## Excerpted records
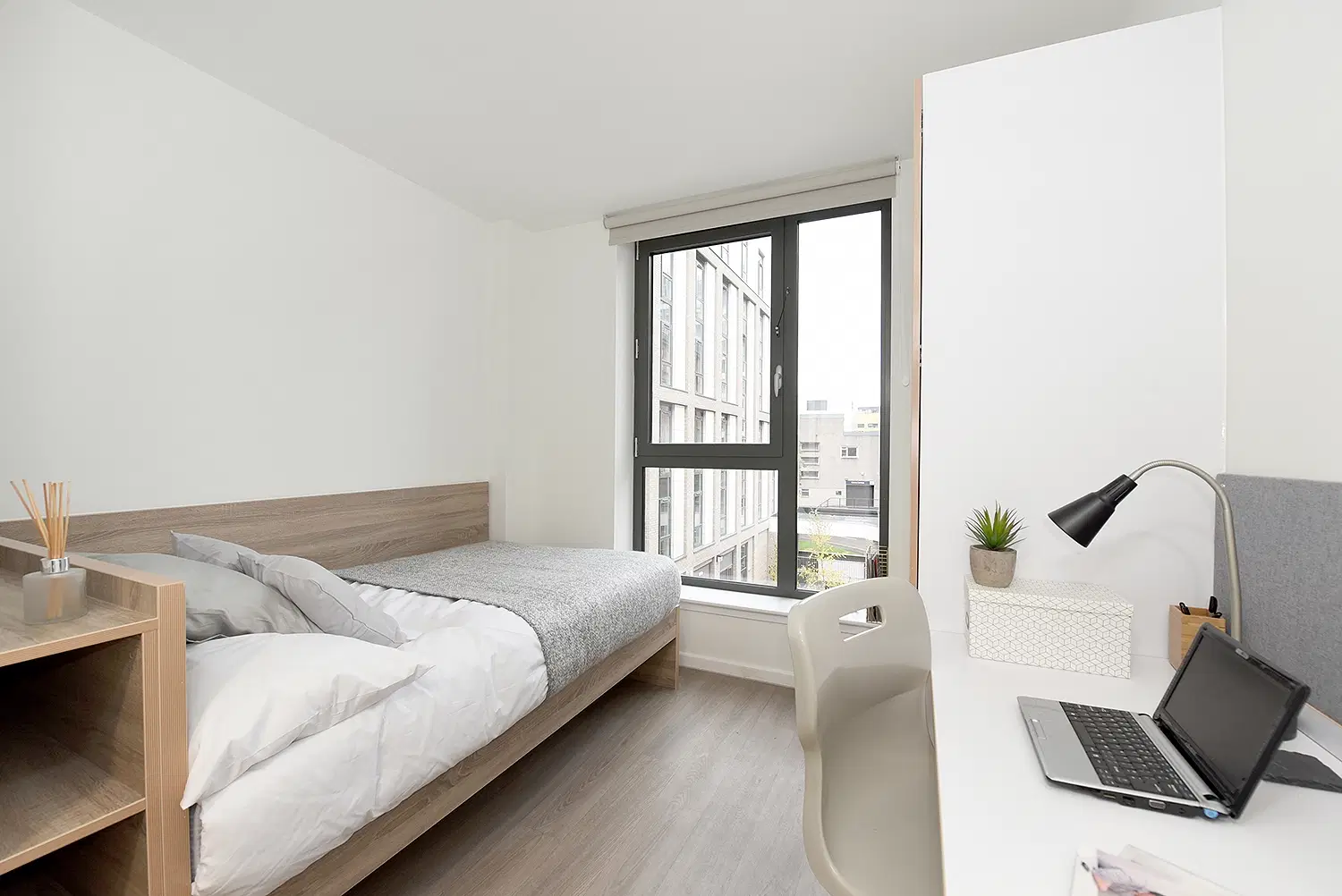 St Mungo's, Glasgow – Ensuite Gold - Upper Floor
...
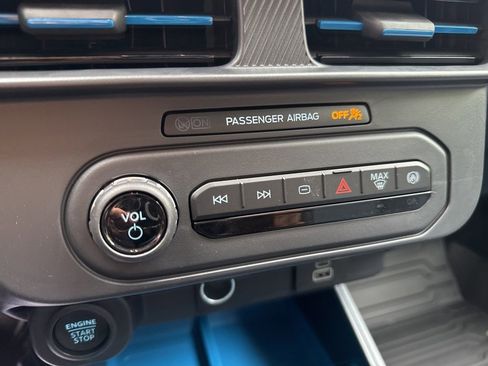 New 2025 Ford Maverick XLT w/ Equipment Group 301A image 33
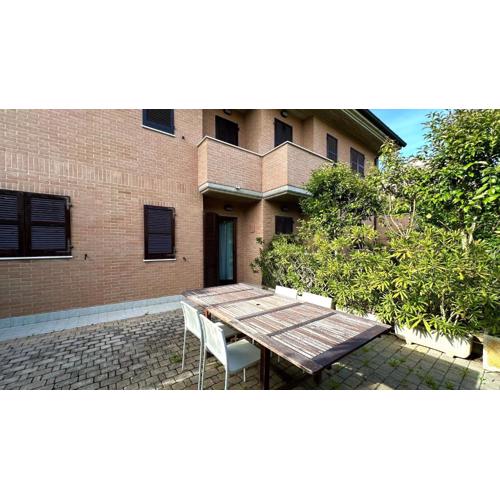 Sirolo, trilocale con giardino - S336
---
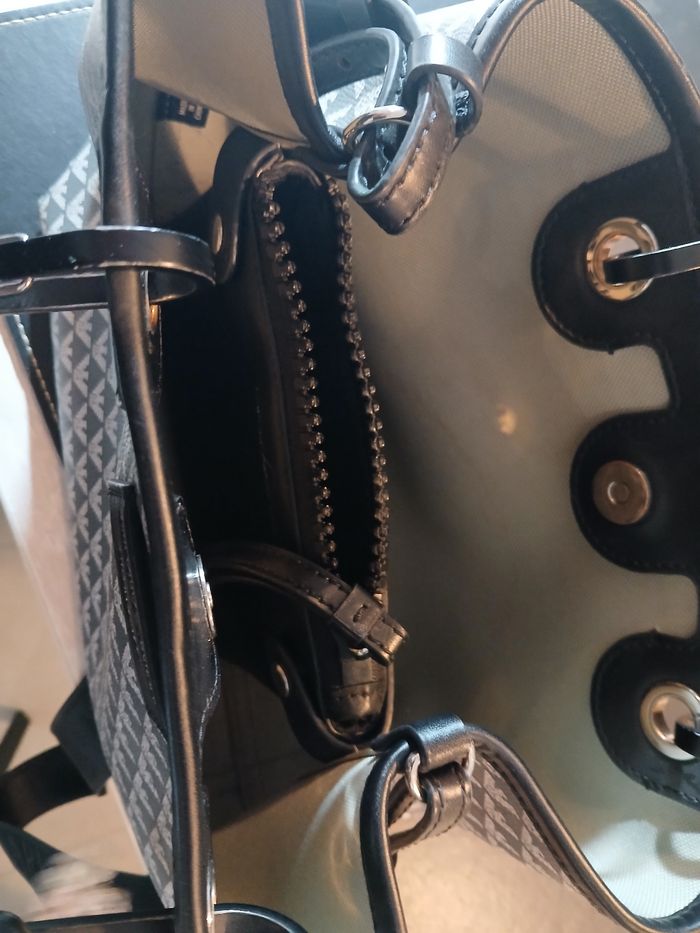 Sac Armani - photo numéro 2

## Instructions for the task
For this exercise, return exactly the lines above from the line with "New 2025 Ford" through the line with "Sirolo, trilocale con giardino - S336", both included. Do not copy the pictures.

## Answer section
 New 2025 Ford Maverick XLT w/ Equipment Group 301A image 33
 Sirolo, trilocale con giardino - S336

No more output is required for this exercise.